“房氏,做人不能什么时候都撇清自己。”
贵妃轻轻打断她张口结舌的辩解。
“是你家的人害了本宫的儿子,这事实无可更改。”
“至于今日,本宫也知晓你什么意思。”
她以手支颐,“拿出诚意来,让本宫能信你。”
房夫人通体冰凉。
她声音艰涩:“臣妇愚钝……”
“房夫人可不愚钝。”
贵妃似乎听到了内室有人在挣扎,却笑得更温柔了。
她甚至换了个更温和的声口和称呼。
“房相的庶长女,当年风风光光压了长宁郡君婚典一头,嫁进姜家的人,怎的可能愚钝?您莫自谦。”

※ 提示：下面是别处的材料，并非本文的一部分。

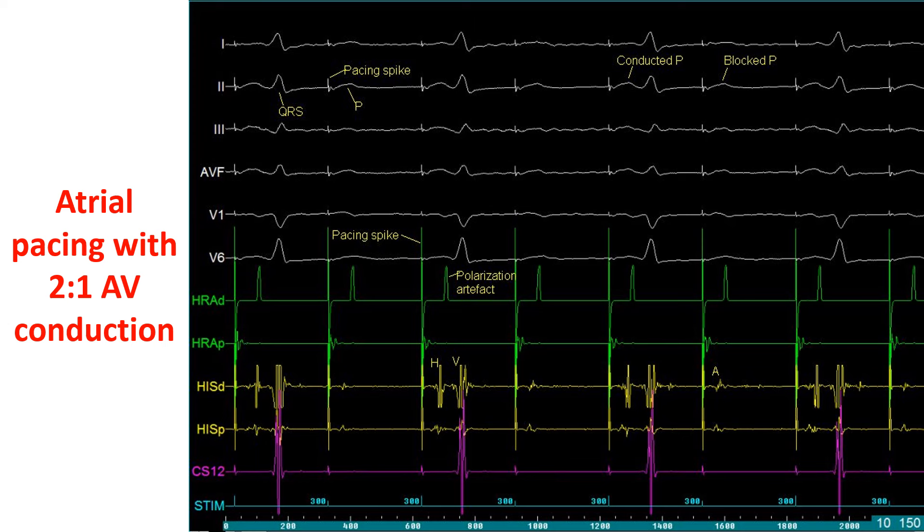Higher recording speeds are used to delineate short intracardiac signal intervals well. Only half the paced P waves have an associated QRS complex, while half have blocked P waves. This is because the atrial pacing rate is above the Wenckebach threshold of the AV node. Note that 2:1 AV block is the highest grade of Wenckebach-type block possible; 2:1 conduction can also occur in Mobitz type 2 AV block.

“既然说本宫差一点的儿媳妇是如此这般人,房夫人又说对本宫忠心耿耿。”
“那就三月之内,让我看到她身败名裂、悔之晚矣。”
“娘娘!”
“做不到吗?”
贵妃柔声。
“做得到……做得到!”
房夫人立刻道,“娘娘厚爱,臣妇必然做得到!”
“唉,这才对。”
美人展颜。
“彩衣,送房夫人去偏殿休息!”
“今日已晚,房夫人与本宫投缘,留宿宫中,明日本宫亲送房夫人出殿。”
贵妃娘娘裙幅迤逦三尺,寸寸布料金银丝流转,让人目眩神迷。